Manteca’s municipal ordinance is clear that if you discover water leaks, breaks, or malfunctions in your plumbing and irrigation system that it “shall be repaired” within 24 hours.
One would assume the City of Manteca follows its own rules.
Residents in the 2700 block of Nostalgia Street in the neighborhood southwest of the Airport Way and 120 Bypass interchange are having a hard time understanding how the city can take its sweet time regarding a water leak in the city right-of-way that’s been flowing now for more than two weeks.
Neighbors report that after the city was informed, crews did come out and mark the street as an apparent precursor to repairs being made. Meanwhile thousands of gallons of water have been flowing into the gutter and down the storm drain.

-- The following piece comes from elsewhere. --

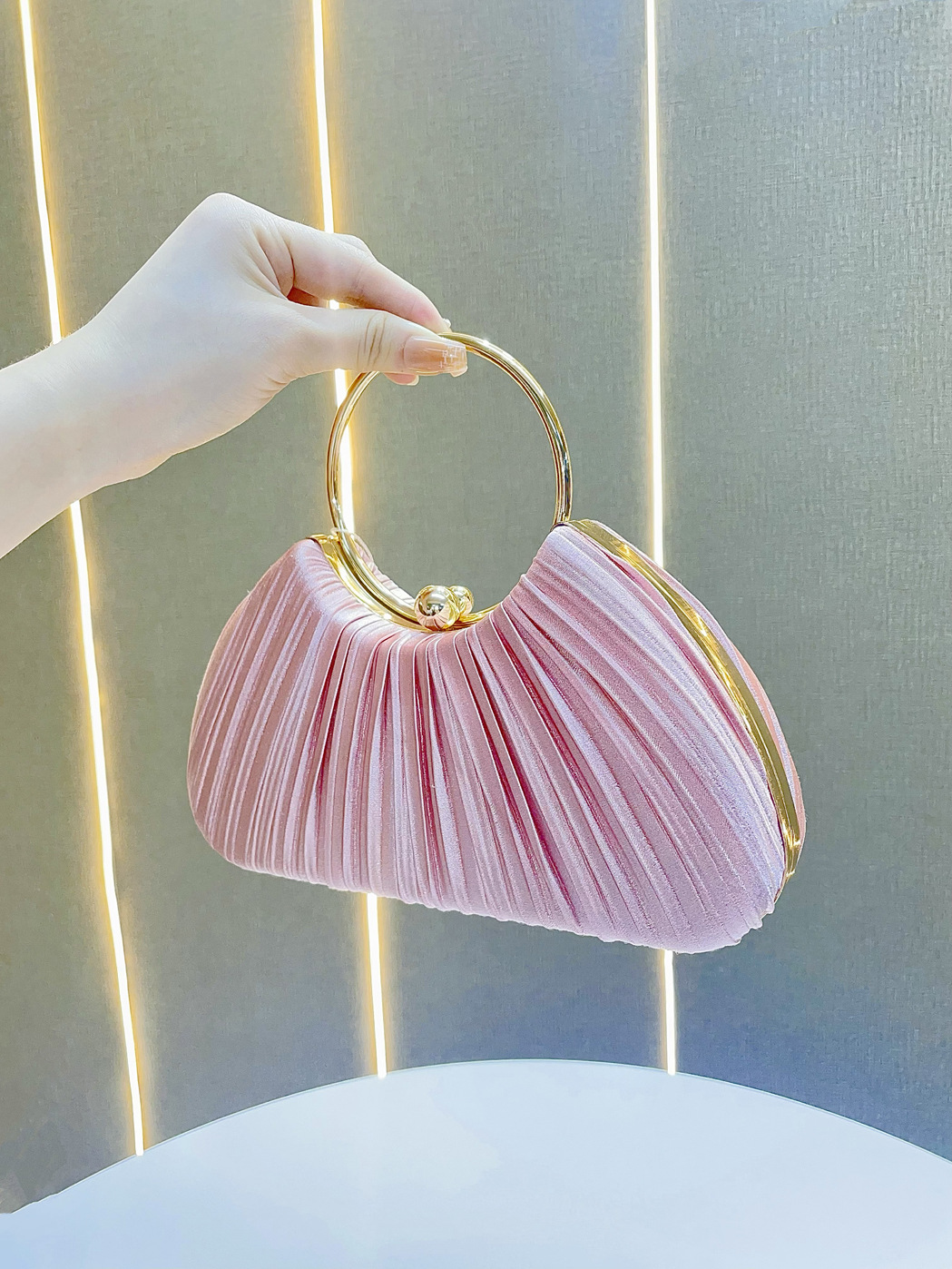 New Cross-border Handbag Pleated Evening Bag Small Handbag KTV Princess Celebrity Banquet Shoulder Crossbody Handbag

As one resident noted in an email, “They (the city) don’t seem too concerned, yet we have to watch our water usage. What a joke.”
This isn’t the first time the city has “violated” its own rule regarding fixing leaks within 24 hours or discovery.

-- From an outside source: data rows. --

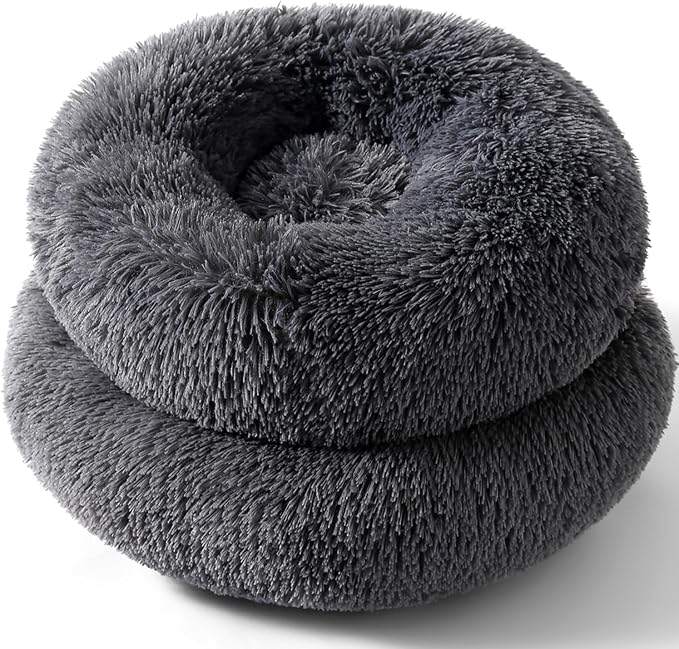 Dogs Bed for Small Dogs, Machine Washable, Anti-Anxiety, Pet beds, 24in | Calming Cat Beds, Faux Fur Pillow, Orthopedic Large Pet Cuddler, Deep Sleeping, Up to 28 Lbs
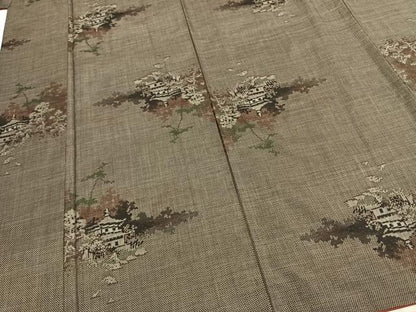 平和屋着物●本場大島紬　一元7マルキ　風景文　正絹　逸品　AABE1929fy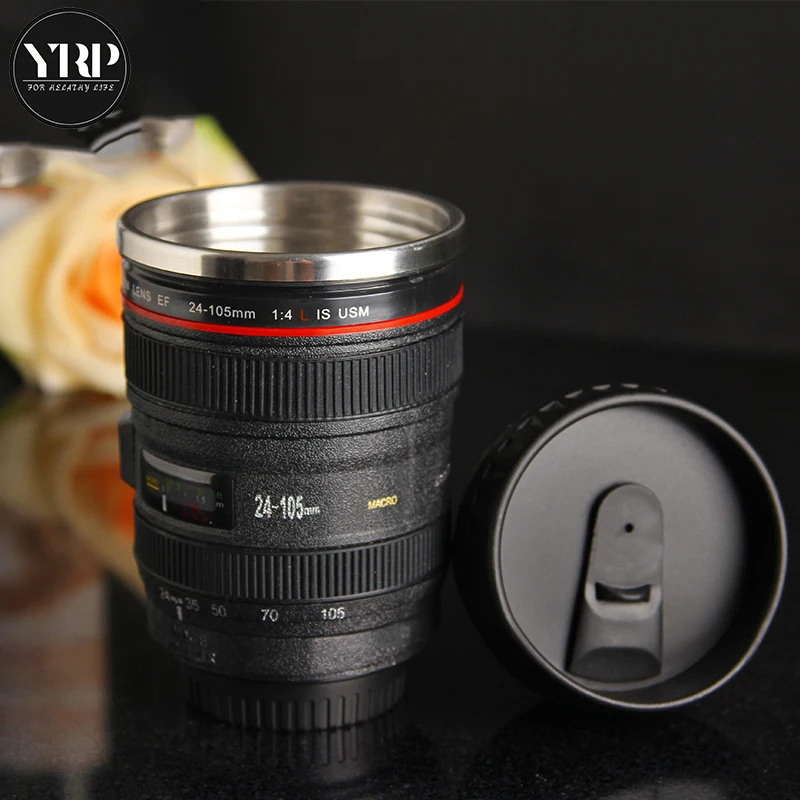 

coffee mugs 400ML Stainless Steel Inner Kitchen Dining Bar Office Milk Tea Coffee Self Stirring Mug Cup Emulation Camera Lens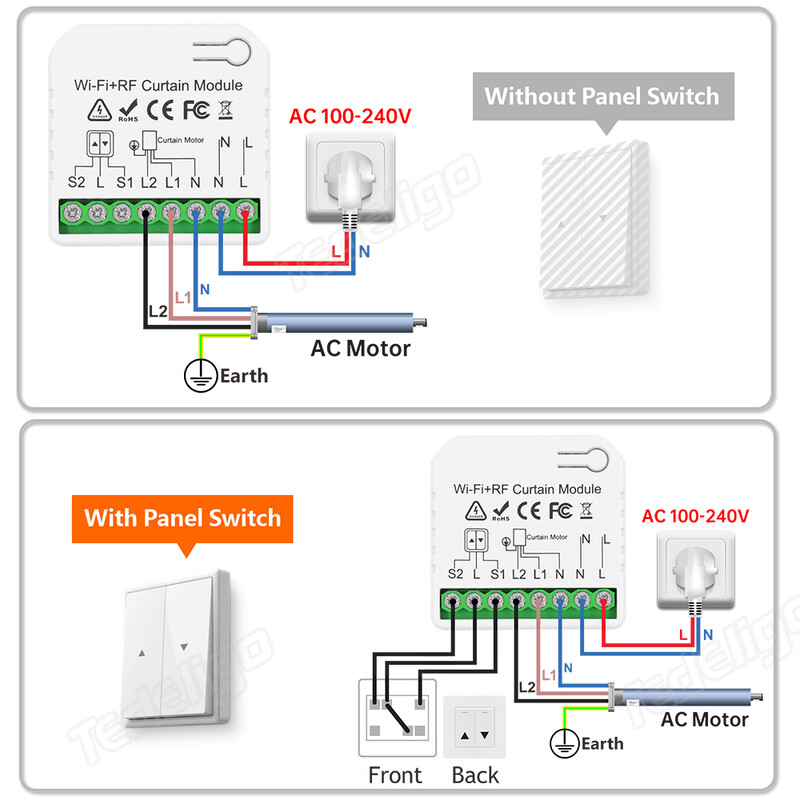 WiFi nutikas kardina lüliti elektriline rullava katiku uksekontroller Tuya App hääljuhtimine Alexa Alice 433 MHz kaugjuhtimispuldiga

Given this is the second violation, will anybody be issuing a $100 citation plus applicable fees that could be waived by the “city” attending its own water conservation workshop?
The logical recipient of such a citation might just be Mayor Steve DeBrum based on a precedent set nearly 20 years ago by the fire department to cite then Mayor Carlon Perry for the city’s failure to abate weeds along the Tidewater Bikeway after tumbleweeds were literally stacking two and three high against back fences.
Council members hopeful
next city manager will
move to Manteca
It’s been more than a decade since a Manteca city manager has actually lived in Manteca. That honor goes to Bob Adams. Since them the top municipal bureaucrats — Steve Pinkerton, Karen McLaughlin, and Elena Reyes — did not live in Manteca.
Several council members are hopeful that will change with Ogden.
It’s been a sore point with many — including some council members — that much of the city’s top management team doesn’t reside in Manteca.
It’s not legal, per se, to make such a demand.
The two key state laws governing the point state as follows:
uCALIFORNIA CONSTITUTION ARTICLE 11 LOCAL GOVERNMENT: SEC. 10. (b) A city or county, including any chartered city or chartered county, or public district, may not require that its employees be residents of such city, county, or district; except that such employees may be required to reside within a reasonable and specific distance of their place of employment or other designated location.
u(CALIFORNIA) GOVERNMENT CODE SECTION 50083: No local agency or district shall require that its employees be residents of such local agency or district.
Pinkerton broke the string of city managers being residents of the city.
“City managers who reside (in the city) they serve can be more effective,” Pinkerton noted in an interview in 2009, adding he doubted there was a city manager who’d disagree with that point.
A family matter and then the housing market collapse tripped up Pinkerton’s plans before he ended up taking the city manager’s job in Davis. He bought a home in Davis to comply with that city’s requirements.
In 2011, the council dropped its ordinance requiring a city manager to move to Manteca within six months of employment after concluding it was violating state law.
They changed the wording to require city managers to “live within 30 miles” and to move within a “reasonable amount of time” as opposed to six months. That accommodated McLaughlin who was living in north Modesto near Kaiser Hospital when she was elevated from assistant city manager to city manager in 2011,
McLaughlin had said over the years that she “lives in Manteca and sleeps in Modesto.”
Assuming 30 miles is a reasonable distance for a city manager to live within a drive to Manteca, it isn’t too clear whether that would comply with Ogden.
Google a mileage between Manteca and Waterford and 32.4 miles pop up. But as the crow flies the distance is less. And it could be open to interpretation that the 30 miles starts at the city manager’s front door and ends at the city limits.
Regardless, it will be interest to see how it unfolds.